Hace un año, tras el estallido de violencia que sacudió Sinaloa, las policías municipales y estatales fueron rebasadas. Fue entonces cuando entraron al quite la Guardia Nacional, el Ejército y esta Secretaría de Seguridad y Protección Ciudadana que ahora patrulla nuestras calles y colonias. Llegaron para intentar contener lo que parecía incontenible. Y sin embargo, lo que vi no fue una institución todopoderosa, sino un hombre común parado frente a mí, cargando con la tarea de sostener un estado que parece insaciable. Incontrolable.

Pienso en el contraste. Mientras nosotros hablamos de “convoyes”, “operativos” y “presencia federal”, ellos viven con la certeza de que a veces no habrá cama, que dormirán en el suelo, que quizá el desayuno será el mismo durante semanas. Y aun así, están aquí.

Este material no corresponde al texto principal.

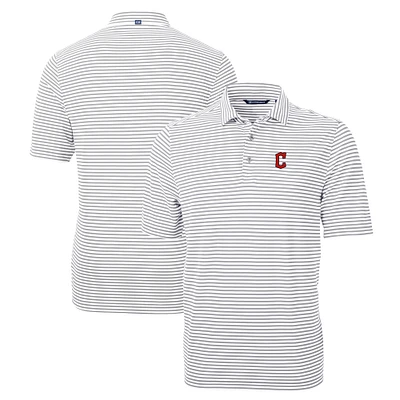 Men's Cutter & Buck Gray Cleveland Guardians Big Tall Virtue Eco Pique Stripe Recycled DryTec Polo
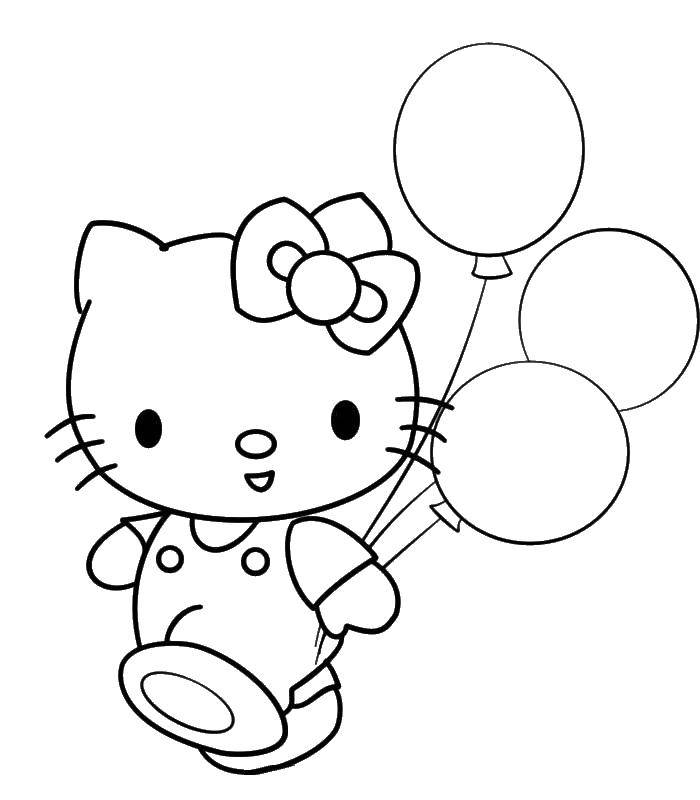 Coloring Kitty with balloons. Category Hello Kitty. Tags:  kitty balls, .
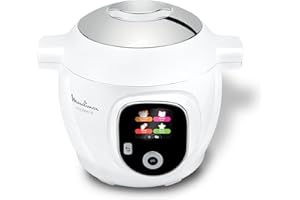 Moulinex, Cookeo Multicuiseur intelligent 6L, 80 recettes intégrées, Cuisson sans surveillance, Ecran intuitif, Guide de cuisson, Application MyMoulinex, 1600W, Blanc, 15 ans réparabilité CE854110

Nosotros, en cambio, los dejamos pasar de largo. Los vemos formados en fila, con uniforme y fusil, y los reducimos a un estereotipo: corruptos, abusivos, cómplices. Pero rara vez nos detenemos a pensar en lo que hay detrás de cada casco, en la familia que espera la llamada de la noche, en los hijos que estudian con el dinero contado, en la esposa que administra 6,500 pesos cada quince días mientras él arriesga la vida lejos de casa.

Al final de cuentas, en esta tierra todos sabemos quiénes son los malos. Los malos tienen nombres, rostros, negocios, escoltas y poder. Ellos, en cambio, son los que terminan durmiendo en el suelo, desayunando huevo cocido y patrullando una ciudad que nunca termina de dormir. Quizá lo menos que deberíamos hacer como sociedad es no olvidarlos, no ignorar lo que cargan y, sobre todo, no condenarlos al anonimato de la indiferencia. Porque detrás de cada uniforme hay un hombre, un padre, una familia. Y eso, aunque nos cueste aceptarlo, también debería dolernos.